Putting together a punk band, writing songs, recording an album, securing a label and heading out on tour all before turning 20 is difficult enough, but the Giles sisters of Dog Party—17-year-old Lucy and 19-year-old Gwendolyn—are already veterans. This month they are releasing their fourth album—a joint project for Asian Man Records and Burger Records, as they head out on a six-state Western tour.
A band since 2007, Dog Party has their pop-punk sound dialed in, with tight harmonies and sing-along melodies delivered alongside heavy, fuzzy guitar and big, booming drums.
Vol. 4 follows Lost Control, Dog Party’s first for Asian Man, which melded riot grrl attitude and the vibe of Lookout Records bands with catchy vocals from both sisters.
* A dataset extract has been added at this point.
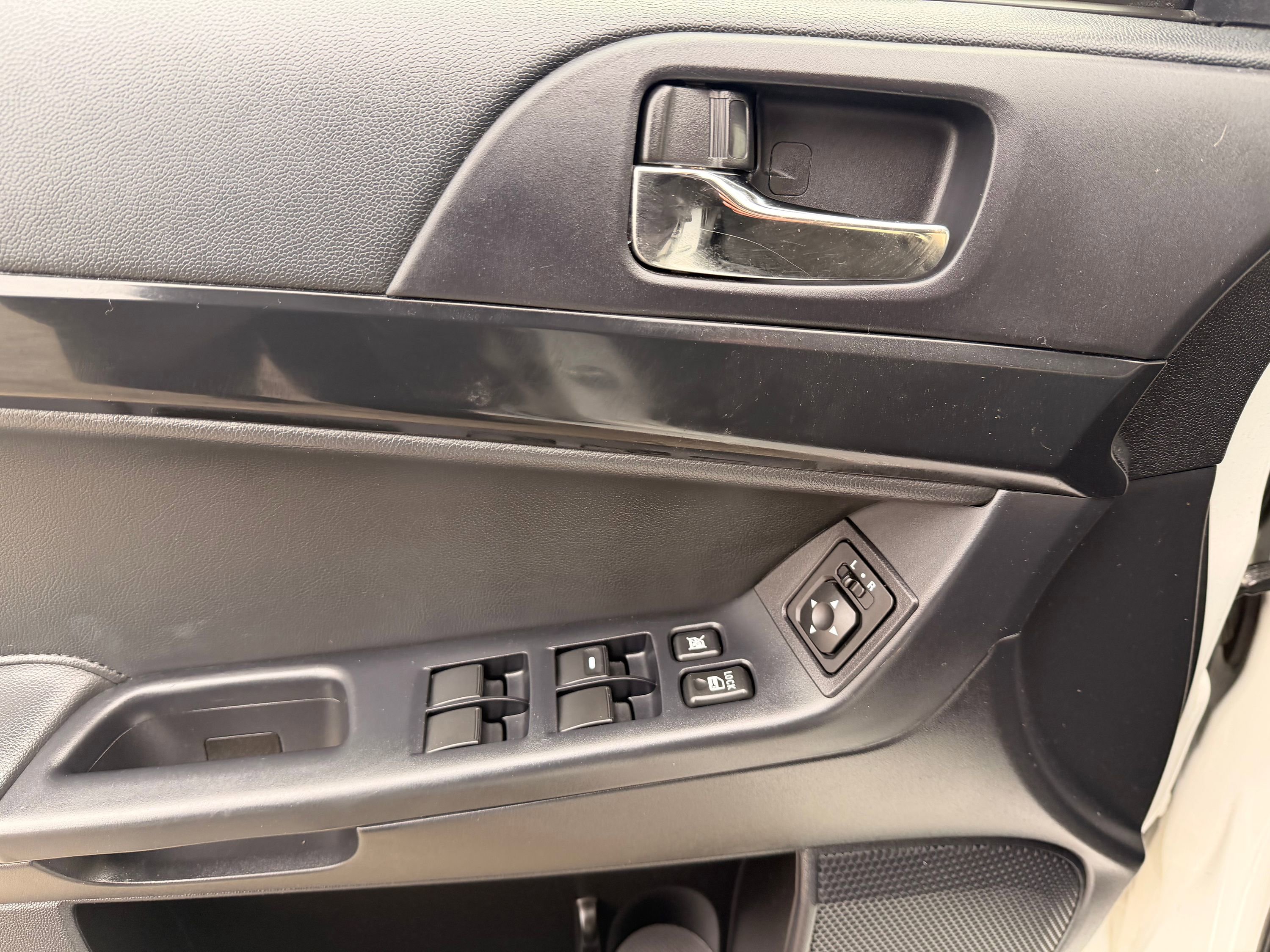 Used 2017 Mitsubishi Lancer ES image 17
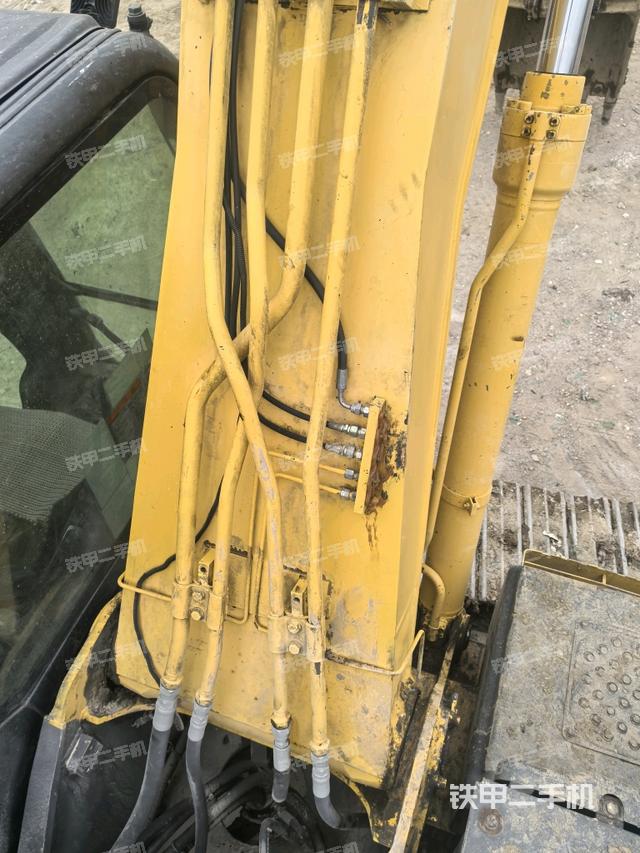 大臂背部俯視（工作和回轉(zhuǎn)裝置）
“For this album, we wanted to keep the punk element of Lost Control, not change that too much. But we took the things that we didn’t like about Lost Control and we fixed them,” Gwen says. “We also noticed there are certain types of songs that we like and our audience likes that we tried to include. And Lucy and I both love harmonies, so the more we write with those it makes things fun. Vol. 4 has a lot more harmonies than the previous records for sure.”
The Sacramento duo was raised on music and built their sound from the indie rock and alternative of their parents, bands like White Stripes, with the punk they discovered in fellow California bands.
“We’ve always loved music a ton, our parents have always loved music. It was always playing the house. It was a marvel for us,” Gwen says. “We just kind of morphed everything we listened to into our own sound. When we first started, we hadn’t been playing our instruments very well so we didn’t start playing cover songs because we didn’t know how to. We wrote music and just made our own sound.”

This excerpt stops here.